Lesson Plan

• Describe the definitions of the six trigonometric functions in a right‑angled triangle.
• Derive the quotient, reciprocal, Pythagorean, co‑function and even‑odd identities using standard algebraic steps.
• Apply these identities to construct clear, step‑by‑step proofs of given trigonometric statements.
• Solve moderate‑difficulty proof problems accurately and justify each transformation.

• Projector and screen
• Whiteboard and markers
• Printed handout of the identity summary table
• Worksheet with practice proof questions
• Scientific calculators
• Ruler and protractor for triangle sketches

Begin with a quick recall of how sine and cosine are defined from a right‑angled triangle, linking this to students’ prior work on basic trigonometric ratios.

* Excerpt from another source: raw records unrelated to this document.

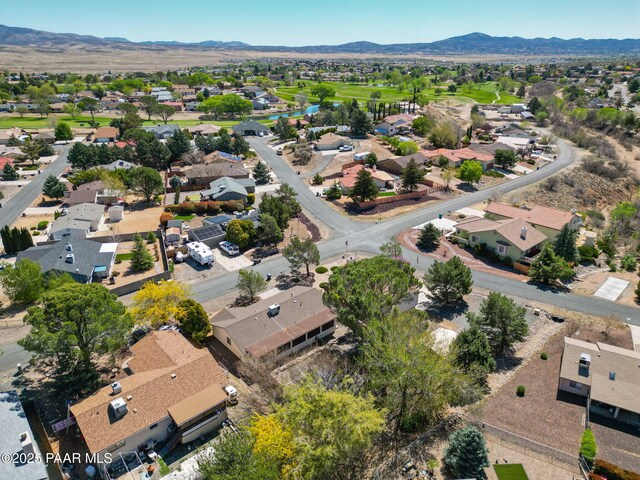 bird's eye view with a residential view, a desert view, and a mountain view
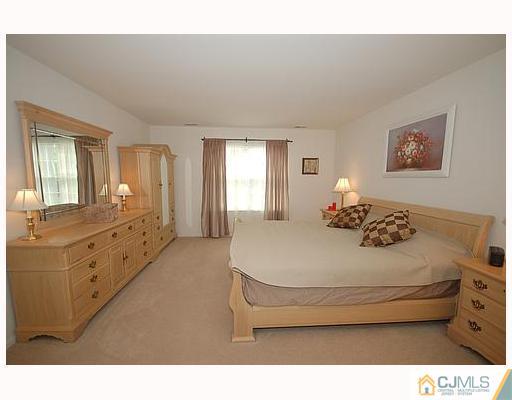 21 Maher Road Somerset, NJ 08873 - Photo 8 of 8 a bedroom with bed and window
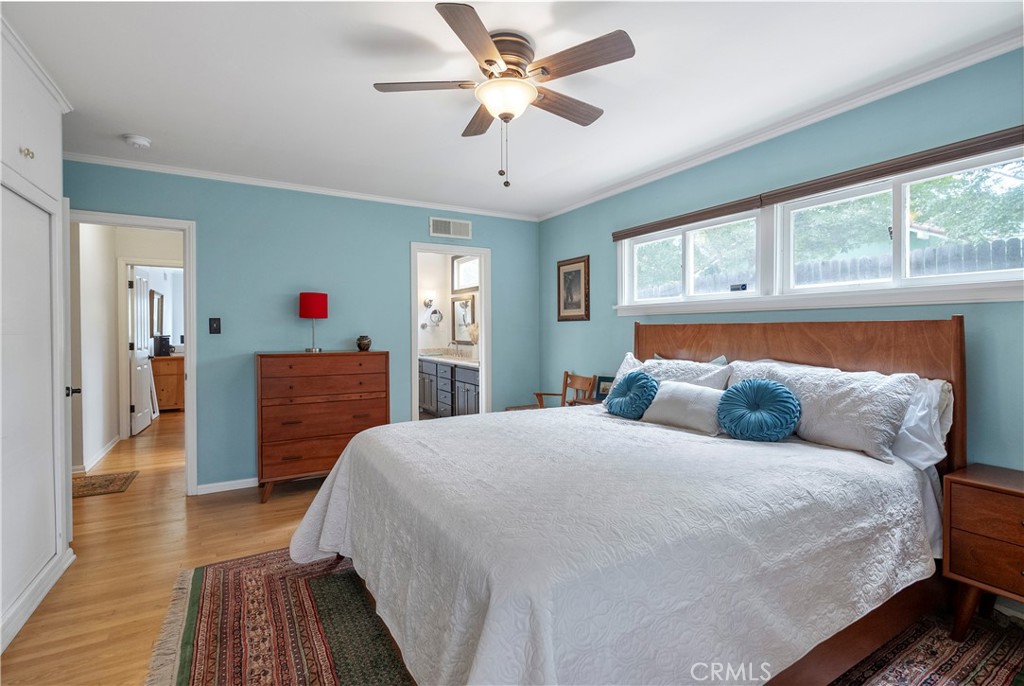 5407 Telefair Way Riverside, CA 92506 - Photo 18 of 35 a bedroom with a bed and a chandelier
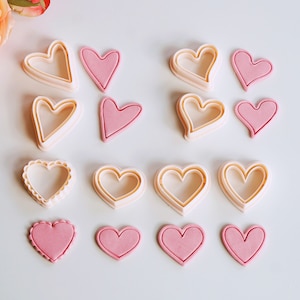 Op de afbeelding: Een set van 12 hartvormige koekjesuitstekers, inclusief zowel gladde als gegolfde randen. De uitstekers zijn gemaakt van wit plastic en zijn verkrijgbaar in verschillende maten.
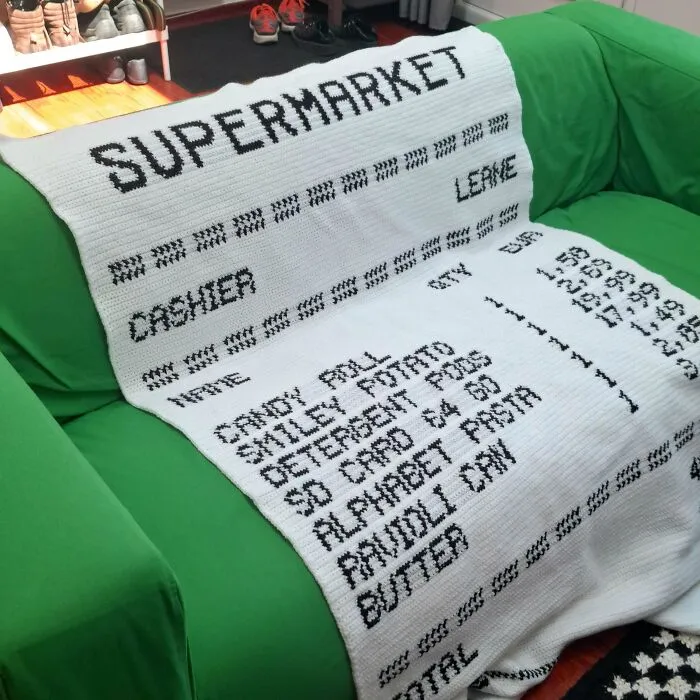 Crochet blanket mimicking a supermarket receipt with black text on white yarn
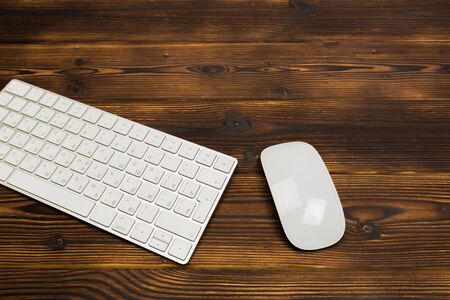 Modern  keyboard on the wooden table with mouse  in the office - Imageの写真素材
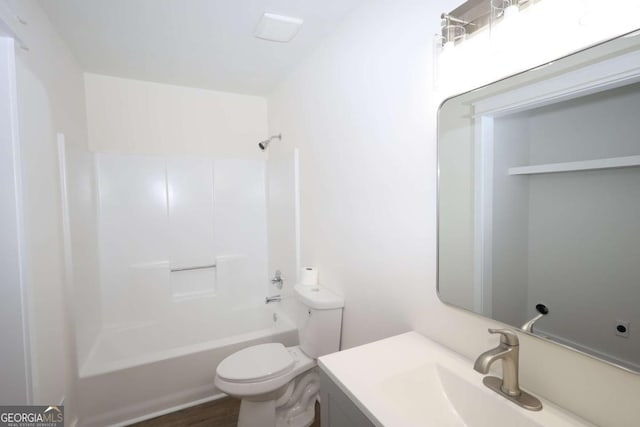 full bath featuring toilet, shower / bath combination, and vanity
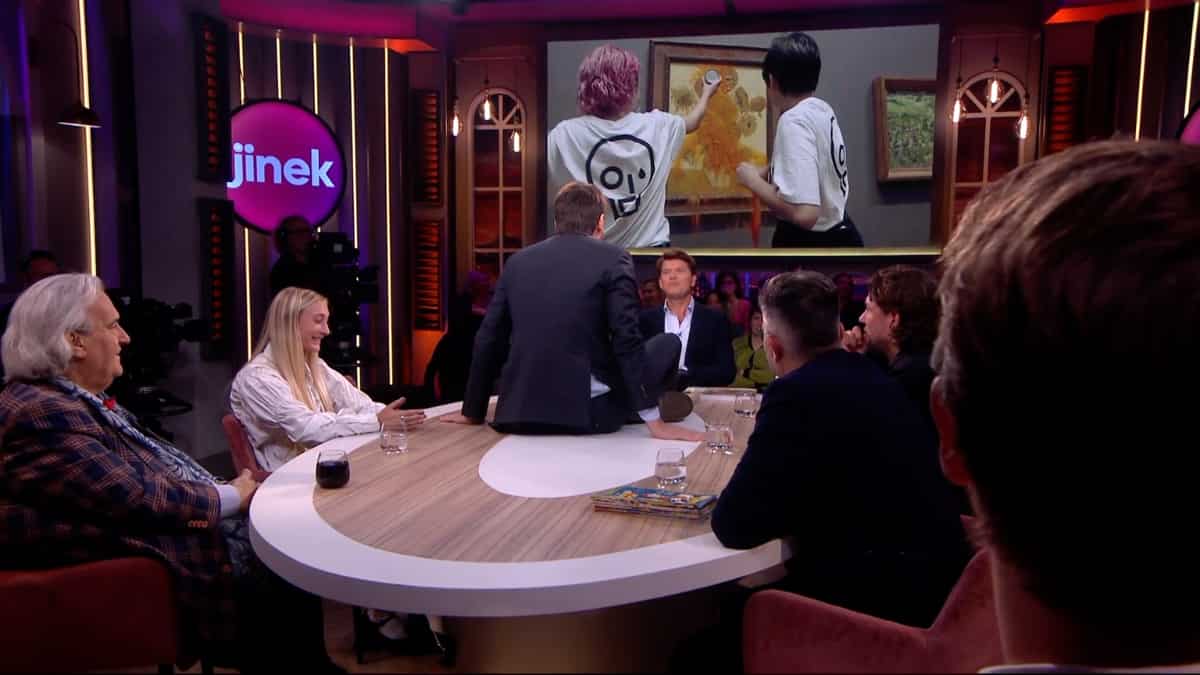 Watch: Climate activist glues himself to table on a Dutch talk show Watch: Climate activist glues himself to table on a Dutch talk show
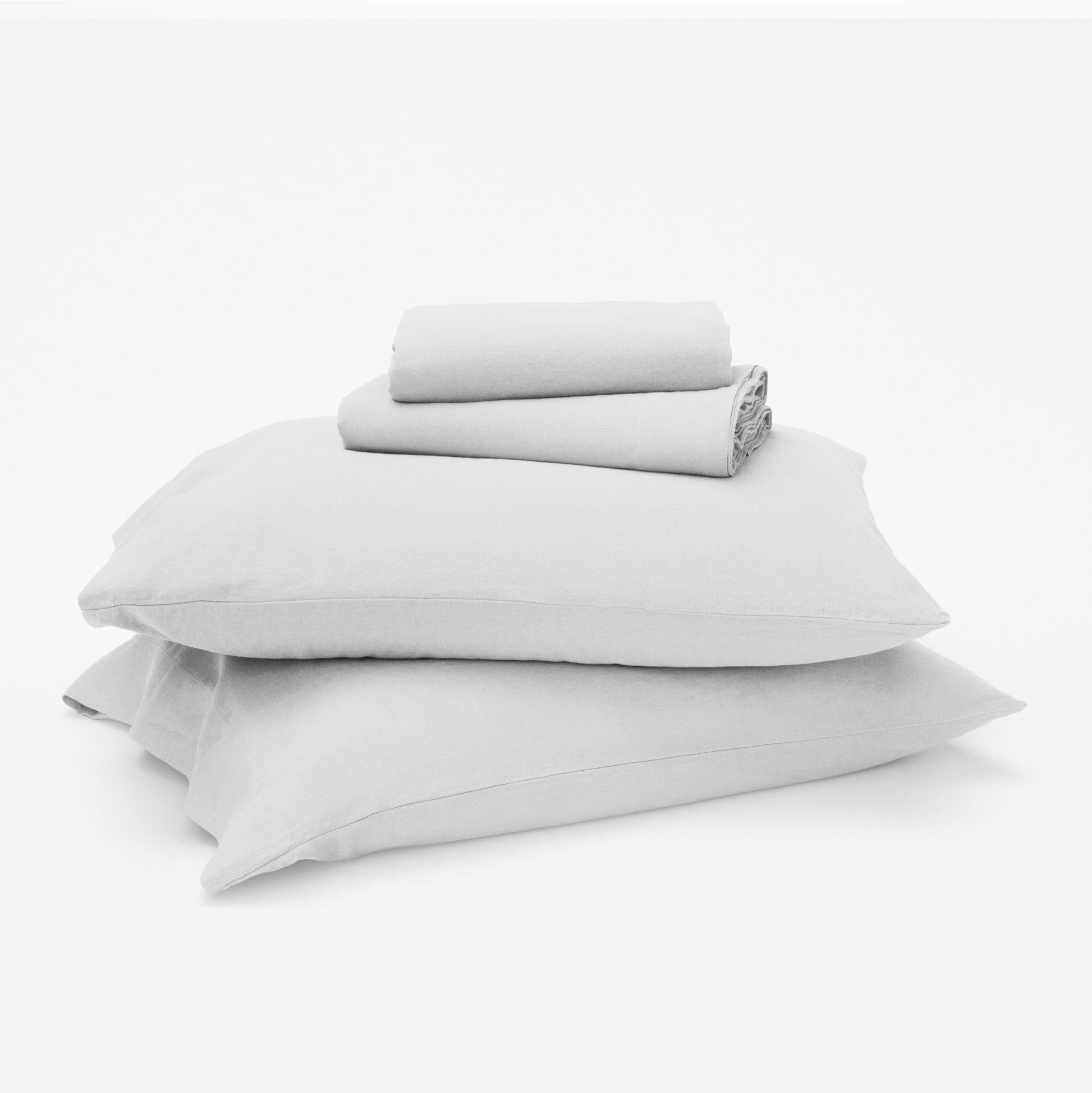 The Tuft and Needle Linen-Cotton Blend Sheet Set, 2 sheets stacked on 2 pillows || color: Cloud

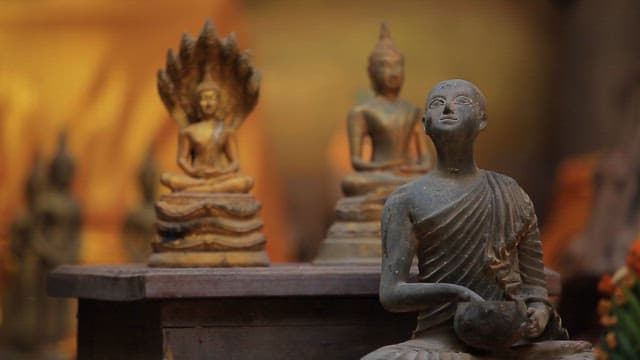 Buddha statues in a serene temple setting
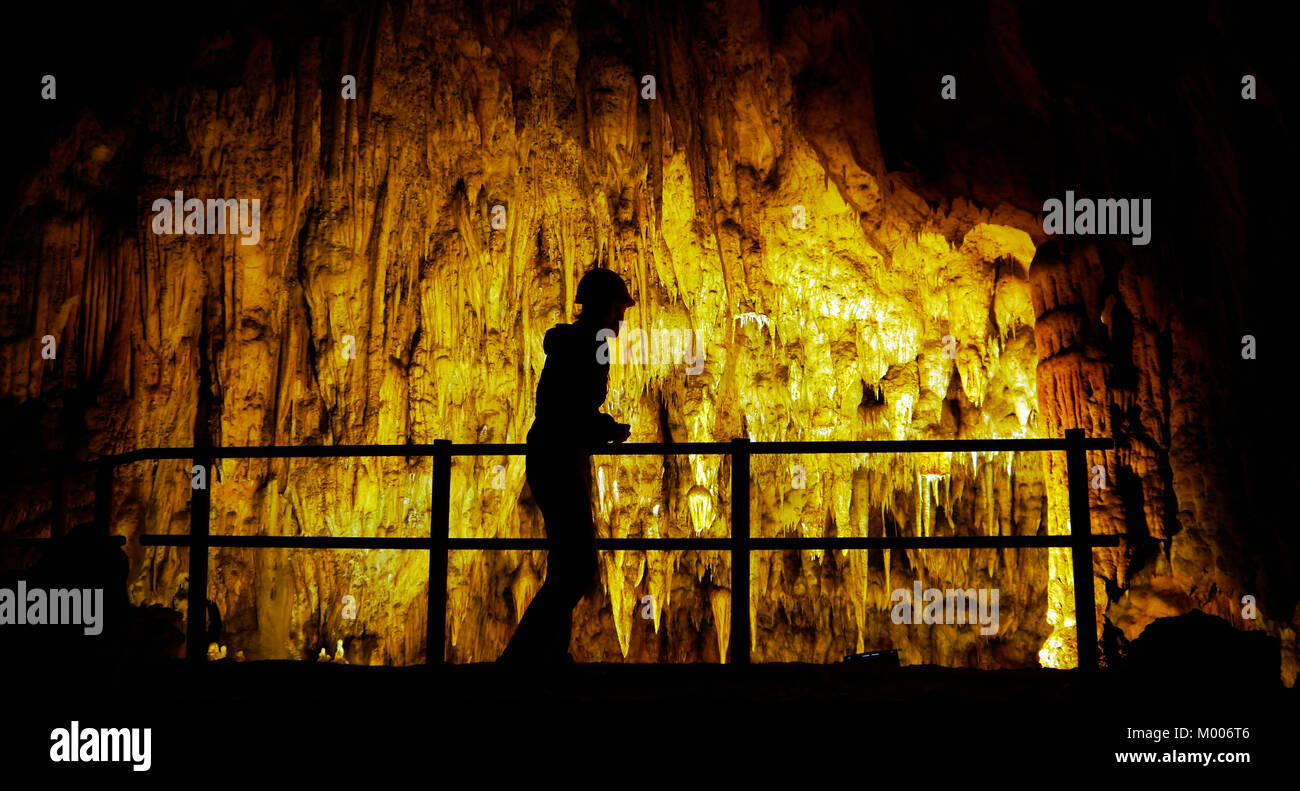 silhouette of a tourist visiting the Spilja Vranjaca show cave cavern in Bistricka ulica 19 Kotlenice Croatia Stock Photo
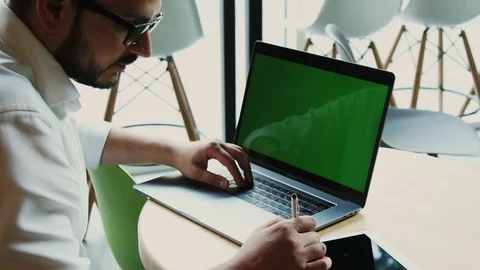 Bearded freelancer using green screened laptop and tablet in the cafe Stock Footage 112994597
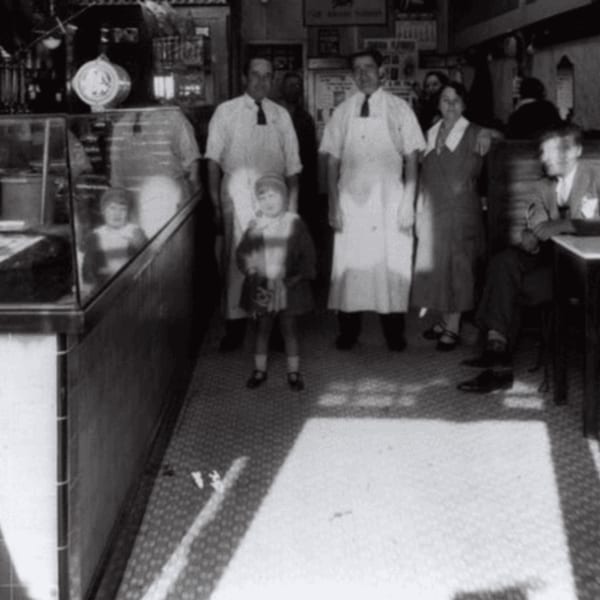 Black and white photo of a family, including two men in aprons, inside Canter's Deli.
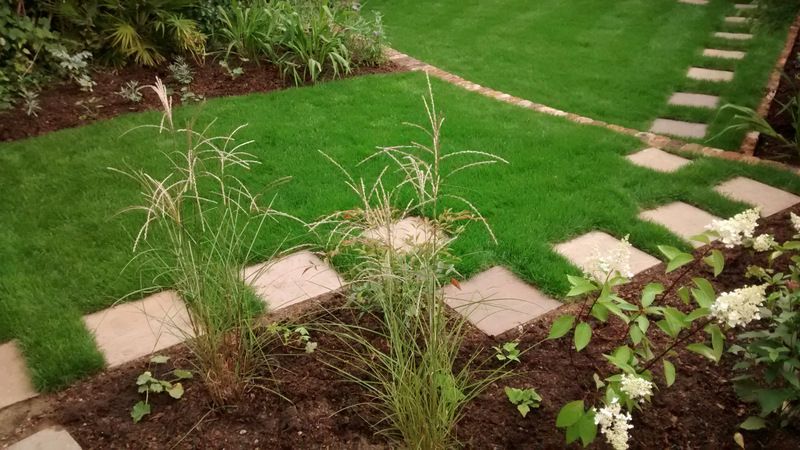 Path along the edge of the lawn with a bed beside planted with grasses and perennials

Explain that today’s focus is on proving the deeper relationships that connect all six functions. State the success criteria: students will be able to demonstrate each identity and use them in a proof.

1. Do‑Now (5 min): short quiz on the six function definitions.
2. Mini‑lecture (10 min): introduce quotient and reciprocal identities with quick examples.
3. Guided proof (15 min): derive the Pythagorean identities using the $a^{2}+b^{2}=c^{2}$ triangle.
4. Collaborative activity (10 min): groups explore co‑function and even‑odd identities on the unit circle, presenting their reasoning.
5. Independent practice (15 min): students work on the three proof questions from the notes, teacher circulates for support.
6. Exit ticket (5 min): each student writes one identity proof they found most challenging and how they resolved it.

Summarise how the six families of identities interrelate and why they are powerful tools for simplifying trigonometric expressions. Collect exit tickets to gauge understanding, and assign the remaining worksheet problems as homework for further practice.